THE DATA.

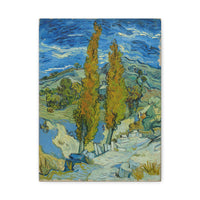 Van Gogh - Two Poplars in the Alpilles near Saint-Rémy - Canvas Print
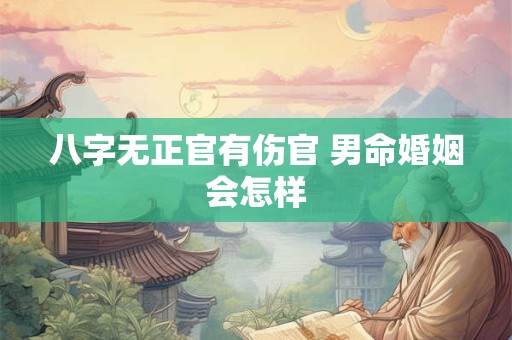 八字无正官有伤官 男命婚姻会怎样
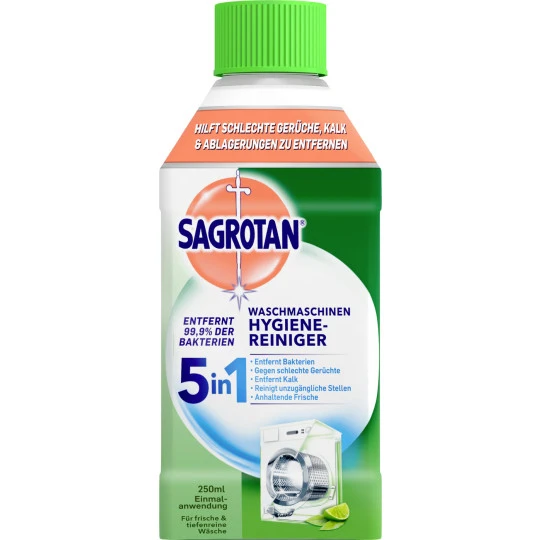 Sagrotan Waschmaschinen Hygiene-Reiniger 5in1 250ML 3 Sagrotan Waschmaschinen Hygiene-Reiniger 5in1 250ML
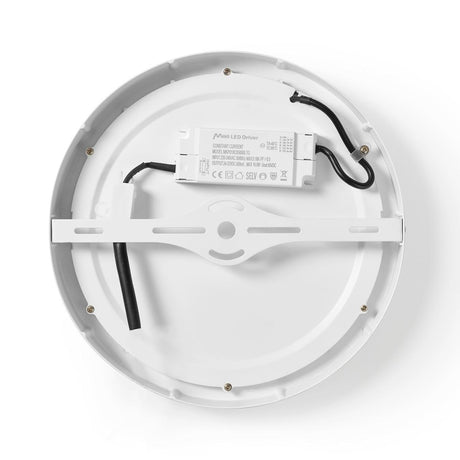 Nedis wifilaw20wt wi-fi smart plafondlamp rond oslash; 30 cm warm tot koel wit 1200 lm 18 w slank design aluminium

TASK.
Write out every line above again exactly, with the pictures left out.

SOLUTION TO THE EXERCISE.
 Van Gogh - Two Poplars in the Alpilles near Saint-Rémy - Canvas Print
 八字无正官有伤官 男命婚姻会怎样
 Sagrotan Waschmaschinen Hygiene-Reiniger 5in1 250ML 3 Sagrotan Waschmaschinen Hygiene-Reiniger 5in1 250ML
 Nedis wifilaw20wt wi-fi smart plafondlamp rond oslash; 30 cm warm tot koel wit 1200 lm 18 w slank design aluminium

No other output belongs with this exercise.